Ainsi le Catéchisme de l’Église catholique reçoit l’enseignement du Concile sur le rôle des laïcs en soulignant que « des laïcs peuvent aussi se sentir appelés ou être appelés à collaborer avec les pasteurs au service de la communauté ecclésiale, pour la croissance et la vie de celle-ci, exerçant des ministères très diversifiés, selon la grâce et les charismes que le Seigneur voudra bien déposer en eux » ( n. 910, citant Paul VI, Evangelii nuntiandi, n. 73). Certains ministères sont reconnus par une lettre de mission. D’autres, pour manifester leur importance « stable » pour la vie de l’Église sont reçus dans le cadre d’une célébration liturgique spécifique et sont dits institués.

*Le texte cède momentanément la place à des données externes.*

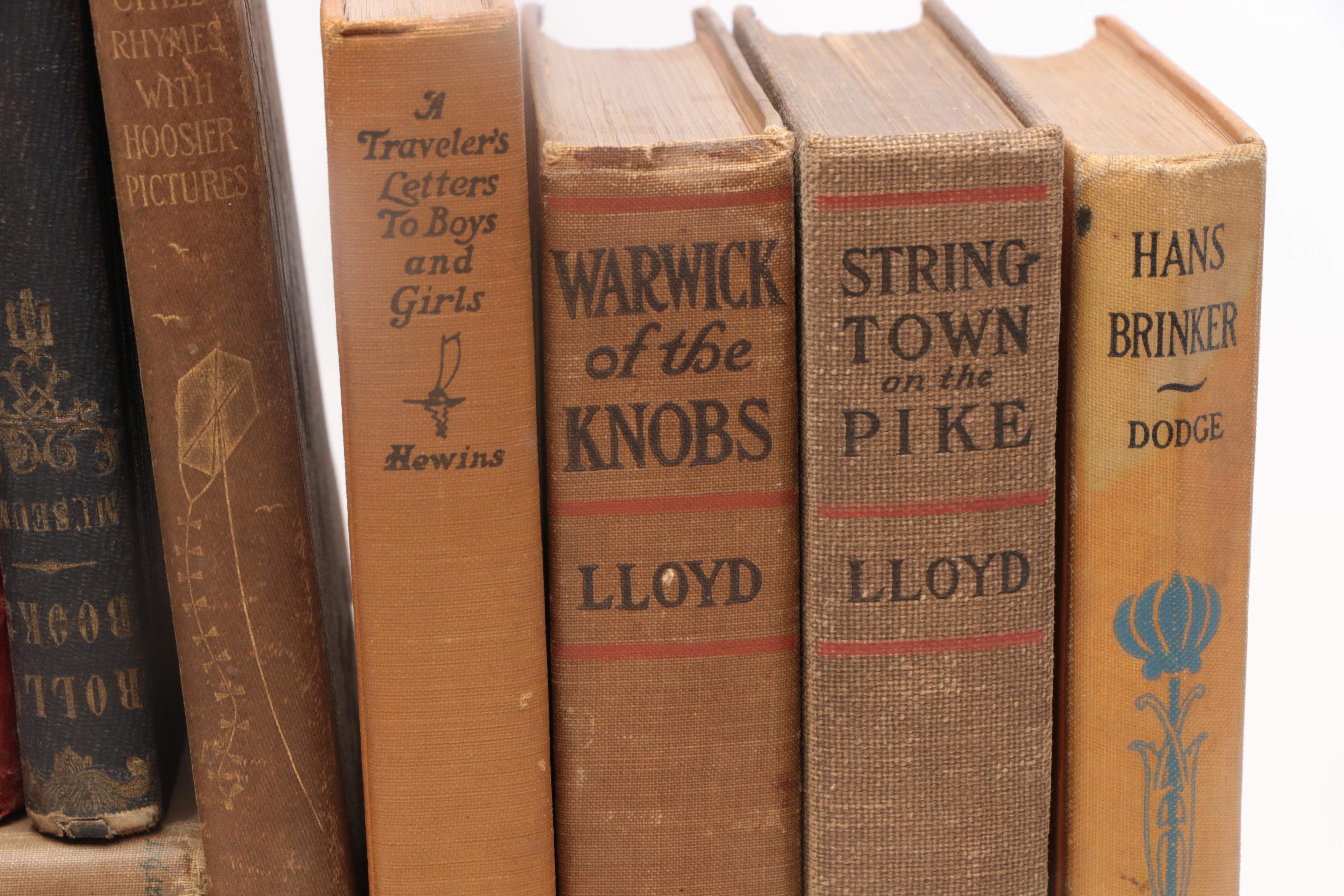 First Edition "Charlotte's Web" with Additional Early to Middle Reader Books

On connaît ainsi le lectorat et l’acolytat. Le pape a récemment ouvert aux femmes ces deux ministères et invité à en réfléchir d’autres selon les besoins des églises locales. Certains suggèrent d’envisager le rôle des « guides » des funérailles selon ce dernier mode. Sans qu’il soit utile de trancher le débat, son existence même invite à ne plus penser la conduite des obsèques par des laïcs seulement sur le mode d’une « suppléance » mais à partir de la réflexion sur la ministérialité dans l’Église comme service de la ministérialité de l’Église pour la mission.